Activity:
Using the records below, copy exactly the part that opens with the line holding "foyer entrance featuring" and closes with the line holding "Warm painterly gradient", minus the pictures.

Materials provided:
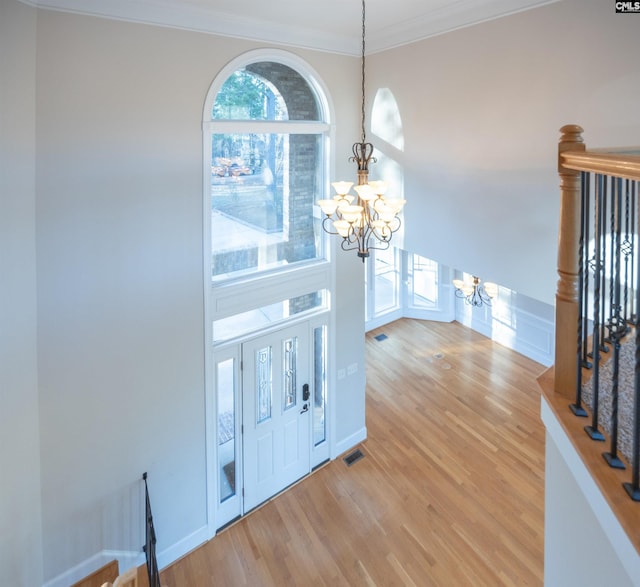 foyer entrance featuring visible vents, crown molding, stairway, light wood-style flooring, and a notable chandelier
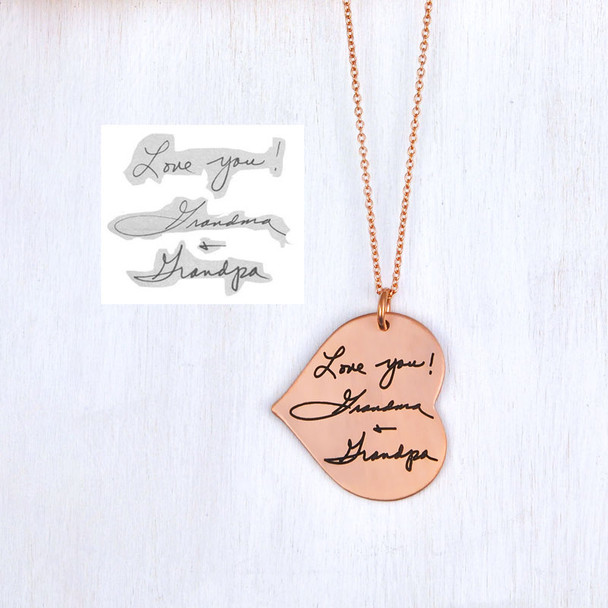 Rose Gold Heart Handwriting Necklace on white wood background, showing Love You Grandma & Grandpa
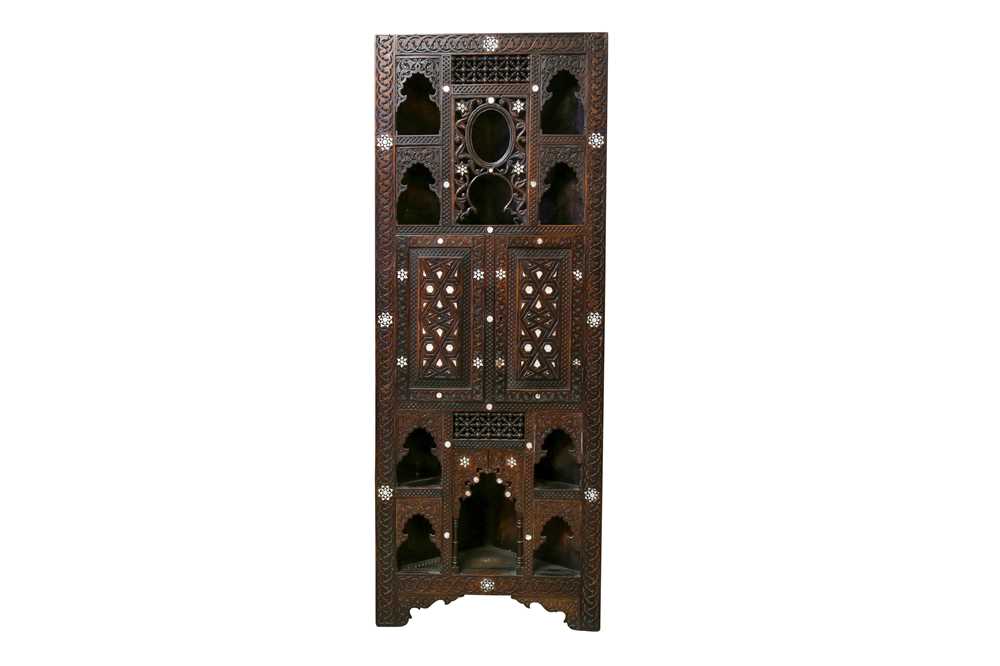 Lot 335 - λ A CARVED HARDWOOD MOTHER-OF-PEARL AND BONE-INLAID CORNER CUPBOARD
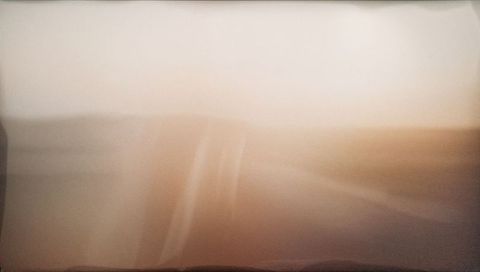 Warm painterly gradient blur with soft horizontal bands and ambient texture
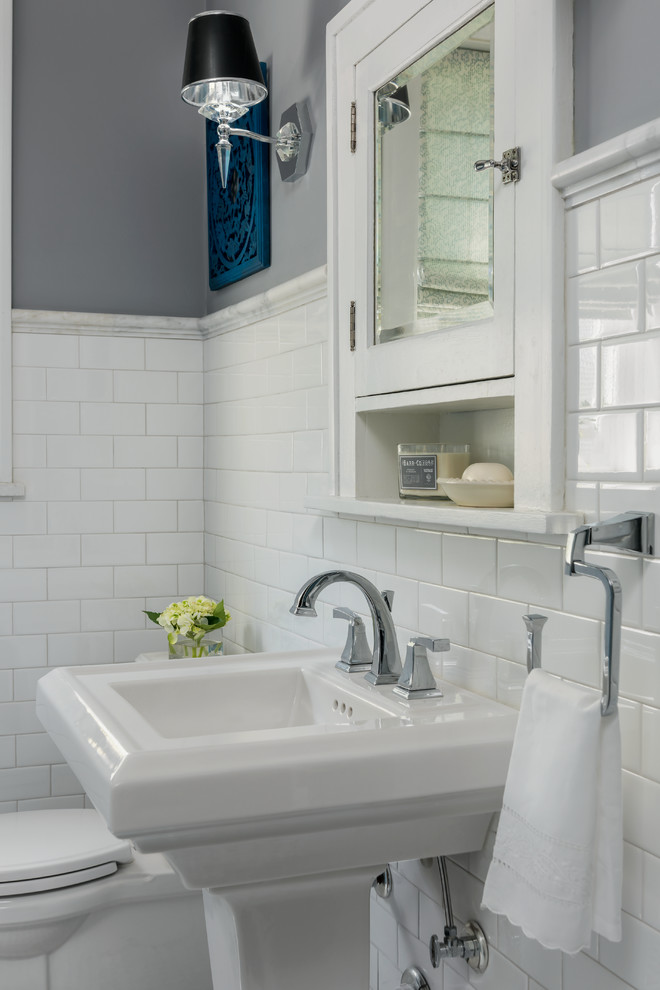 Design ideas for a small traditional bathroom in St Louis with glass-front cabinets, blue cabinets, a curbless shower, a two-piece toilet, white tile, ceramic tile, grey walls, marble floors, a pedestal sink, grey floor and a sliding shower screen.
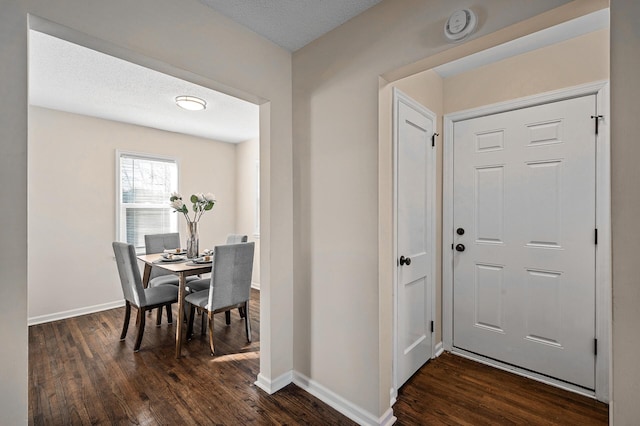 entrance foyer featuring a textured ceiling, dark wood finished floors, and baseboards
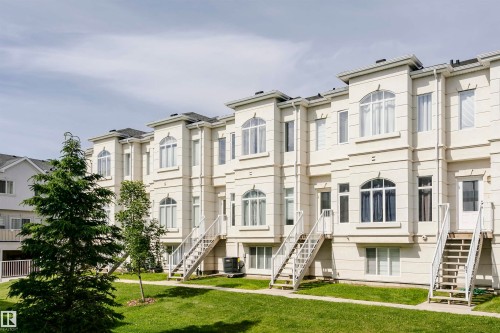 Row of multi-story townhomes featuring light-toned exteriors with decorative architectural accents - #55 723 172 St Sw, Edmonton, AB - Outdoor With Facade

...

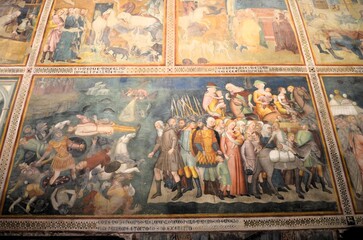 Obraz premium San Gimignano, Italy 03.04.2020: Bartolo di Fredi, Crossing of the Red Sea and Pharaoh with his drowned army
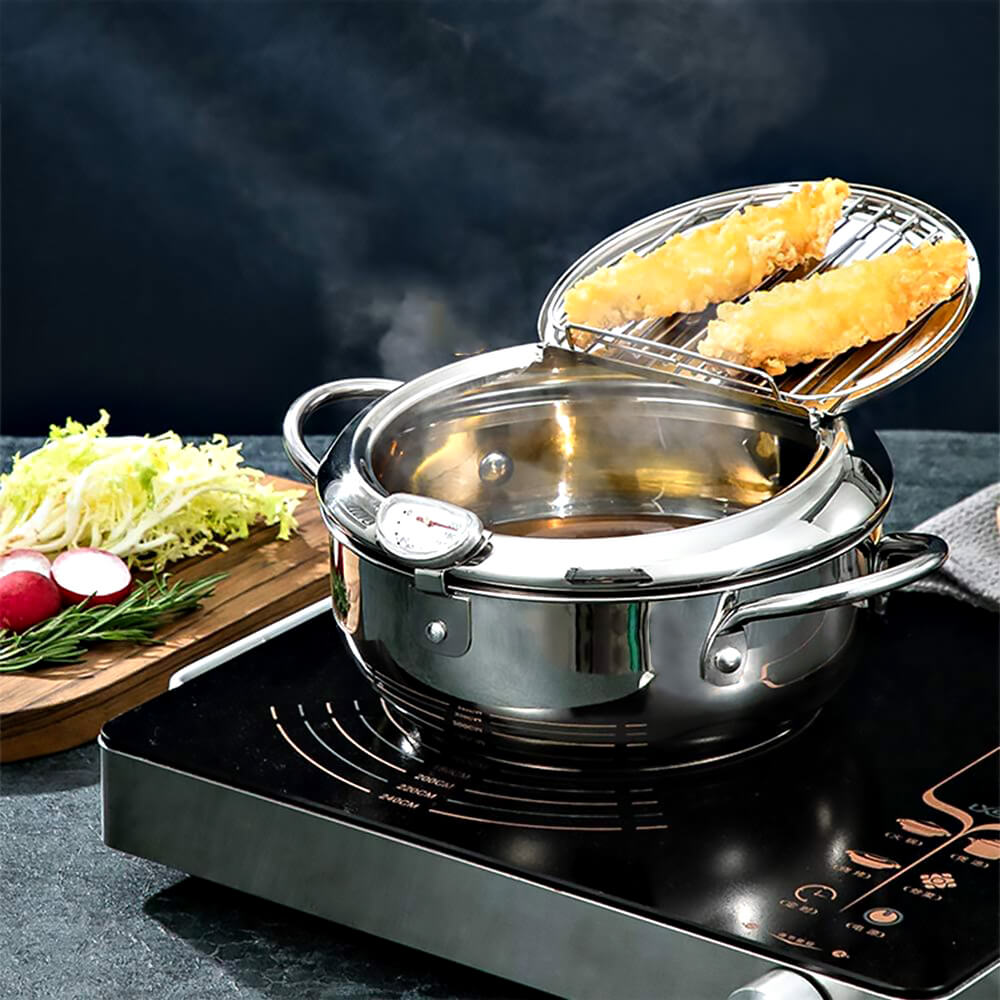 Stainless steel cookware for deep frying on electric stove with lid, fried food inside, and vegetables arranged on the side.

Answer area:
 foyer entrance featuring visible vents, crown molding, stairway, light wood-style flooring, and a notable chandelier
 Rose Gold Heart Handwriting Necklace on white wood background, showing Love You Grandma & Grandpa
 Lot 335 - λ A CARVED HARDWOOD MOTHER-OF-PEARL AND BONE-INLAID CORNER CUPBOARD
 Warm painterly gradient blur with soft horizontal bands and ambient texture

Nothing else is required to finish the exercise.